The U.S. Bureau of Labor Statistics reported that the economy created 162,000 jobs.

On Friday, the U.S. Bureau of Labor Statistics reported that the economy created 162,000 jobs. That’s a little more slowly than the prior 12-month average of a gain of 189,000 jobs, but there were nevertheless gains in retail trade, food services and drinking places, financial activities and wholesale trade.

The official unemployment rate edged down to 7.4 percent. That’s the lowest the rate has been since December 2008, when it was on its way skyward, to a recent high of 10.1 percent. As recently as March 2007, the rate was 4.4 percent.

On Thursday, the U.S. Department of Labor reported that for the week ending July 27, initial unemployment claims were 326,000, a decrease of 19,000 from the previous week and the smallest number since January 2008. The less jumpy four-week moving average was 341,250, a decrease of 4,500 from the previous week.

Manufacturing sector still growing

Manufacturing activity expanded again in July, and the overall economy grew for the 50th consecutive month, according to the latest Manufacturing ISM Report On Business, which was released on Thursday. The Purchasing Managers Index (PMI) registered 55.4 percent, an increase of 4.5 percentage points from June’s reading of 50.9 percent.

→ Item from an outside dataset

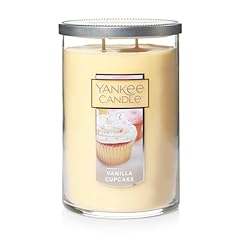 Yankee candle vanilla for sale  Delivered anywhere in USA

The New Orders Index increased in July by 6.4 percentage points to 58.3 percent, while the Production Index increased by 11.6 percentage points to 65 percent. The Employment Index registered 54.4 percent, an increase of 5.7 percentage points compared to June’s reading of 48.7 percent. The Prices Index came in at 49 percent, decreasing 3.5 percentage points from June, meaning that overall raw materials prices decreased from last month.

Most kinds of industry expanded in July, according to the ISM, with furniture and related products, textiles, printing and paper products doing the best. A few manufacturing categories contracted in July, namely plastics and rubber products; apparel, leather and allied products; and machinery.

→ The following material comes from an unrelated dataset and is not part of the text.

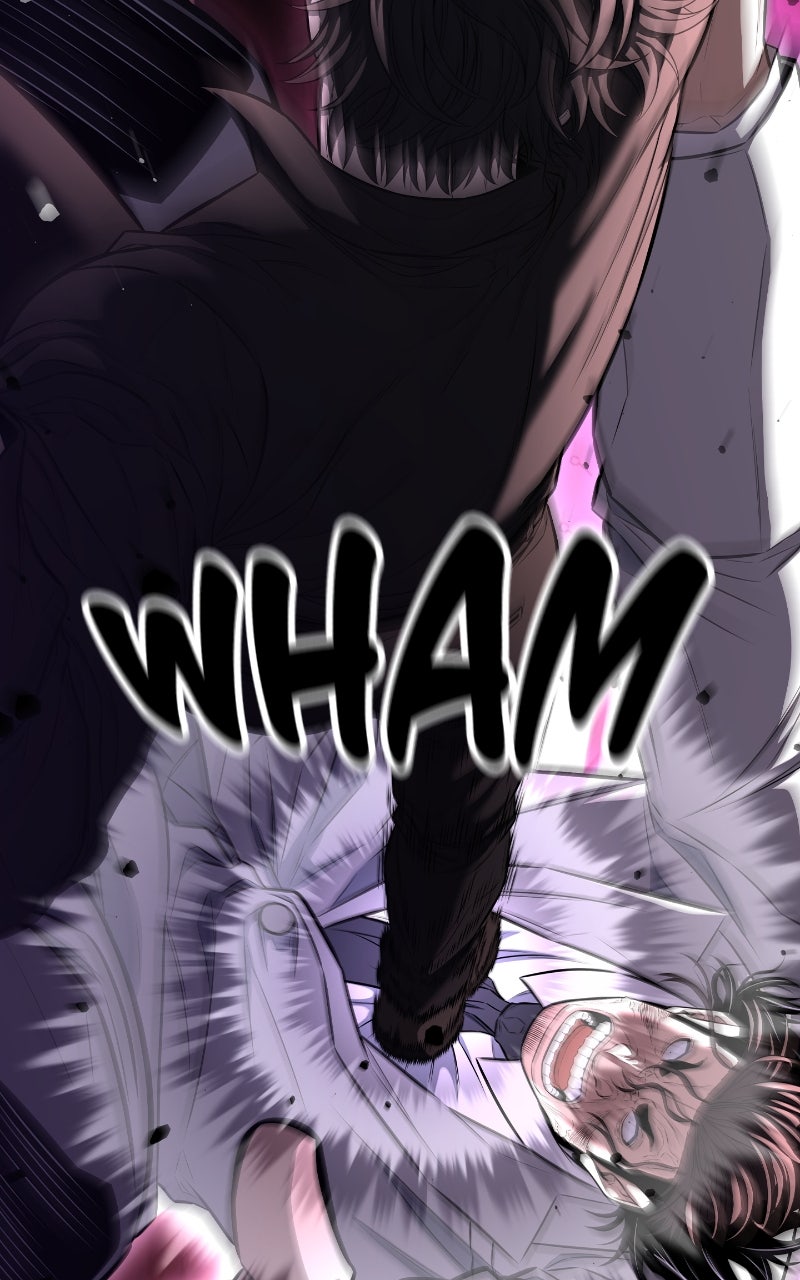 Read The Ex-Mercenary Prosecutor chapter 11 image 4 on Lezhin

Construction spending down in June

The Census Bureau reported on Thursday that construction spending during June 2013 was at an annualized rate of $883.9 billion, or 0.6 percent below the revised May figure. Still, the June figure is 3.3 percent higher than during June 2012.

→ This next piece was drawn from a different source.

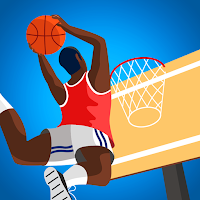 Basketball Life 3D – Dunk Game MOD APK v227000 (Unlimited Money)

Spending on private construction was at an annual rate of $622.8 billion, or 0.4 percent below the revised May rate. That seems to a downtick. Public construction, on the other hand, is more consistently down because of the sequester. In June, the annualized rate of public construction spending was $261.1 billion, or 1.1 percent below the revised May rate of $264 billion. Compared with last year, public spending on construction is down 9.3 percent.

Wall Street decided ahead of time that the jobs numbers were going to be good (instead of mediocre), and the equities markets reached more record highs on Thursday. The Dow Jones Industrial Average was up 128.48 points, or 0.8 percent, while the S&P 500 gained 1.3 percent and the Nasdaq was up 0.4 percent.